The Daily Telegraph

Ministers slam the door on advanced semiconduc­tor sales to China

- By James Titcomb

THE Government has cracked down on the export of semiconduc­tor technology to China amid a joint Western push to restrict Beijing’s access to advanced microchips.

Official export control figures show that the Department for Business and Trade blocked the vast majority of licence applicatio­ns for companies seeking to export semiconduc­tor technology to China last year.

In previous years, the Government was far more lenient about approving exports, the figures suggest. Several countries including the US, the Netherland­s and Japan have agreed to work together to restrict Chinese access to hi-tech semiconduc­tor technology. Britain has not formally joined the deal but the figures suggest it is taking a tougher line.

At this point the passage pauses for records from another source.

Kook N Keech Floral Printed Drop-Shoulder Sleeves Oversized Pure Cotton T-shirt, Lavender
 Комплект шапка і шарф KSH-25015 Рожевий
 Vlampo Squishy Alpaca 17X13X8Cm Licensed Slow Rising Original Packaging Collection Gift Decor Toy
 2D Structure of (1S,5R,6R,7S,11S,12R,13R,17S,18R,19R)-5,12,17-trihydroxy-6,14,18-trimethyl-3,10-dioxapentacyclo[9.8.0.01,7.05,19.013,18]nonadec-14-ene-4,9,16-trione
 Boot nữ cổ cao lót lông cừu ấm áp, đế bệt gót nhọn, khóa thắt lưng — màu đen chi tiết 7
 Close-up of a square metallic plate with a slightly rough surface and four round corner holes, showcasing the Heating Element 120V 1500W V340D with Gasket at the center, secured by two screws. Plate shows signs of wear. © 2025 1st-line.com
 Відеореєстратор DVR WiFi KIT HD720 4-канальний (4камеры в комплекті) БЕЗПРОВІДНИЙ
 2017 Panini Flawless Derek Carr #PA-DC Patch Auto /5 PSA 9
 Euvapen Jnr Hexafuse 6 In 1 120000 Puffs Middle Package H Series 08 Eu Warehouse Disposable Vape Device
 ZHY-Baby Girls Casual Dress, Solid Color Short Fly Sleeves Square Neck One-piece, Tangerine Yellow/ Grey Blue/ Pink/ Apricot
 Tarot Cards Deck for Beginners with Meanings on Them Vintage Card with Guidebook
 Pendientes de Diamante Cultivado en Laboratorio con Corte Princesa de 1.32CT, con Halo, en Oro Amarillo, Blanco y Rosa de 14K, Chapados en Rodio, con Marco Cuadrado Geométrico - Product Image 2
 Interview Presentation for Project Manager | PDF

Concerns range from Chinese companies copying Western technology to the chips ending up inside weapons or artificial intelligen­ce systems. Figures from a database run by the Export Control Joint Unit, which administer­s export controls for military and dual-use items, show the UK has refused 14 licence applicatio­ns for semiconduc­tor technology to China in 2023 and approved just two.

The prior year, it refused just five licences, while issuing 26, and in 2021, it issued 26 licences and refused nine.

The majority of refusals were for semi- conductor manufactur­ing equipment, alongside components and software to run the equipment. Nine of the licence refusals – the majority – were for sale to government customers, the figures say.

Semiconduc­tors are the essential foundation of modern computer systems and the most modern and powerful are crucial to developing AI.

The figures do not reveal what type of technology that companies were looking to export, but the higher number of refusals suggest a stricter approach to the export of British technology.

British AI chip company Graphcore closed its Chinese business in November and laid off its staff in the country, citing export controls on selling technology in the country, although US restrictio­ns are believed to have been a significan­t factor.

Earlier this month, Cambridge-based semiconduc­tor company Arm also laid off staff in China. It has warned that growing political tensions could affect its business there, and the UK and US have reportedly blocked it from selling advanced chip designs in the country.

The Government has also forced Nexperia, the Chinese-owned buyer of Britain’s biggest microchip facility, to sell the business. In November, Nexperia said it would sell Newport Wafer Fab to US company Vishay.

Successive administra­tions in the US have restricted sales of high-end semiconduc­tor technology to China in an attempt to hobble the country’s technologi­cal prowess. China has responded to microchip controls by restrictin­g the export of germanium and gallium, two elements widely used in computer chips and other technologi­es such as solar panels. The UK’S semiconduc­tor strategy, published in June, promised to apply export controls to protect national security. At the time, the Government said it would work with business on potentiall­y expanding how the export control regime applied to semiconduc­tors, vowing to “protect the most sensitive UK semiconduc­tor companies and technologi­es”.

A government spokesman said: “We have strengthen­ed the rules to prevent items that could be intended for military use from falling into the wrong hands. While we cannot comment on specific cases, we assess each applicatio­n on a case-by-case basis against the export licensing criteria and keep our control regime under regular review.”